First you must think what are the possible vector fields caused by a single point source (charge).
All information you have is the location of 2 points: the source and the point where you want to evaluate the vector. The problem has cylindric symmetry around the axis connecting the two points, so vector MUST be directed parallel to this axis: either straigth away or towards the source.
The magnitude of the vector must be independent of the choise of coordinate system, so it can only depend on the distance between the two points. Under this circumstances the integral of the electric field over a sphere is not difficult to evaluate.

rbj
First you must think what are the possible vector fields caused by a single point source (charge).
All information you have is the location of 2 points: the source and the point where you want to evaluate the vector. The problem has cylindric symmetry around the axis connecting the two points, so vector MUST be directed parallel to this axis: either straigth away or towards the source.
The magnitude of the vector must be independent of the choise of coordinate system, so it can only depend on the distance between the two points..
there are a lot of different scaler functions of that distance.

Under this circumstances the integral of the electric field over a sphere is not difficult to evaluate.
the reason why that surface integral evaluates to a constant that is proportional to the enclosed point charge is because the magnitude of that field vector is inversly proportional to the square of the distance and proportional to the charge. why it's proportional to the amount of charge is because if you had two different charges sitting virtually next to each other, the total force you get from both should come from adding the force you get due to each charge. why it's inverse-square with distance is because of this concept of flux and flux density and where we model the field as being proportional to the flux density (or, with judicious choice of units, the same as flux density). and because the surface area of a sphere is $4 \pi r^2$.

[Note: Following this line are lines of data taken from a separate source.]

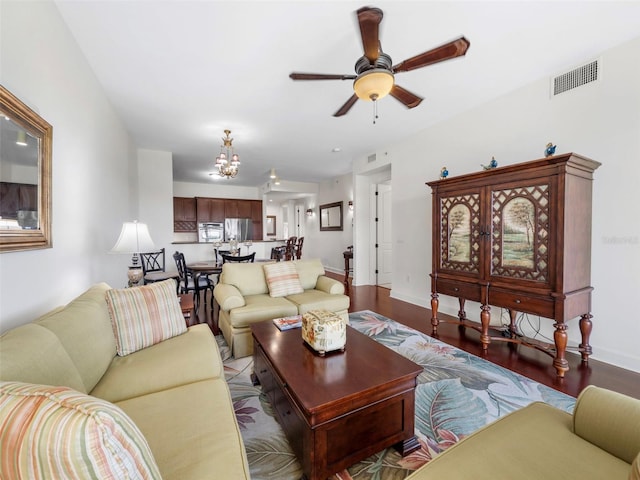 living room featuring hardwood / wood-style floors and ceiling fan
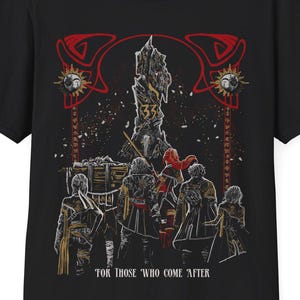 May include: Black t-shirt featuring a detailed graphic design. The design includes a central tower, figures in cloaks, and decorative elements in red and gold. The text "FOR THOSE WHO COME AFTER" is printed below the graphic.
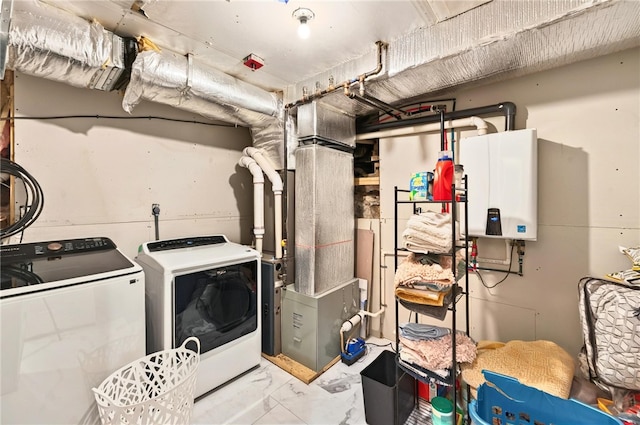 69 Arnold St, Lincoln, RI 02865 - laundry room with water heater, separate washer and dryer, marble finish floors, and heating unit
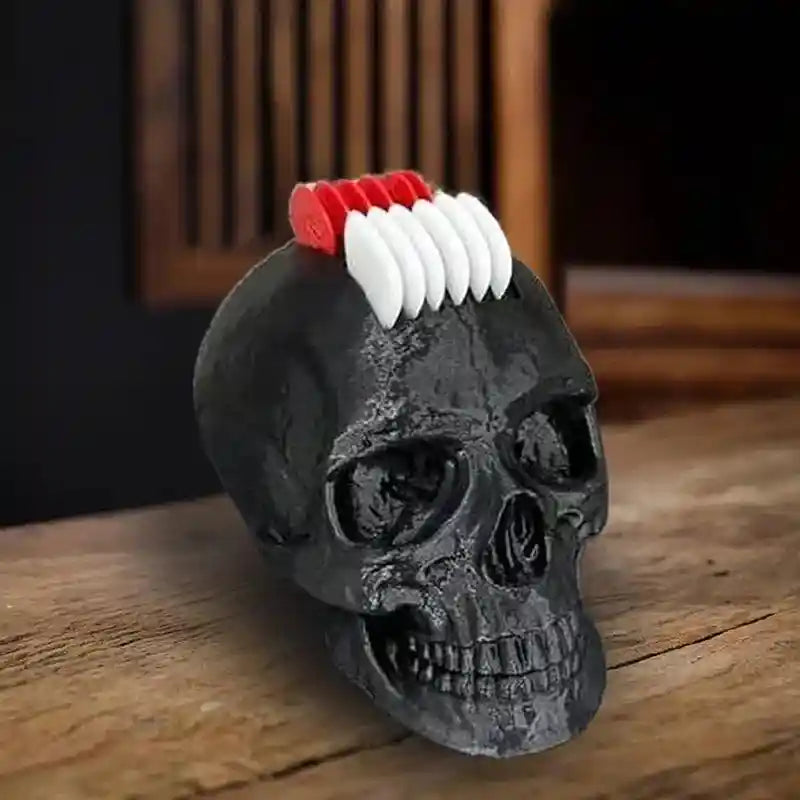Skull guitar pick holder with a realistic black skull design featuring a Mohawk-style arrangement of red and white guitar picks, perfect for gothic and punk rock enthusiasts.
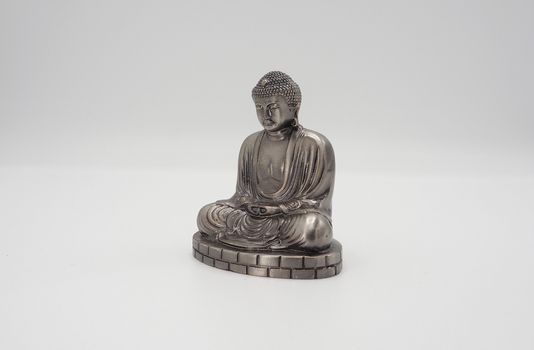 Great buddha or Daibutsu silver model of Kamakura temple Japan.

think of a 100 watt light bulb surrounded by a bunch of concentric spheres all centered on the 100 watt light bulb. intensity of radiant energy is how much radiating power crosses a unit area that is held perpendicular to the flow of this radiant power. so if you were 10 meters out, that 100 watts is distributed over 4$\pi$102 square meters. if you're 20 meters out, the same 100 watts is distributed over 4$\pi$202 square meters. and the intensity is 100 watts divided by the area which is an inverse-square relationship.

Gauss's law does not work unless it's an inverse-square relationship with distance and proportional to the amount of "stuff" at the point source that we're measuring distance from.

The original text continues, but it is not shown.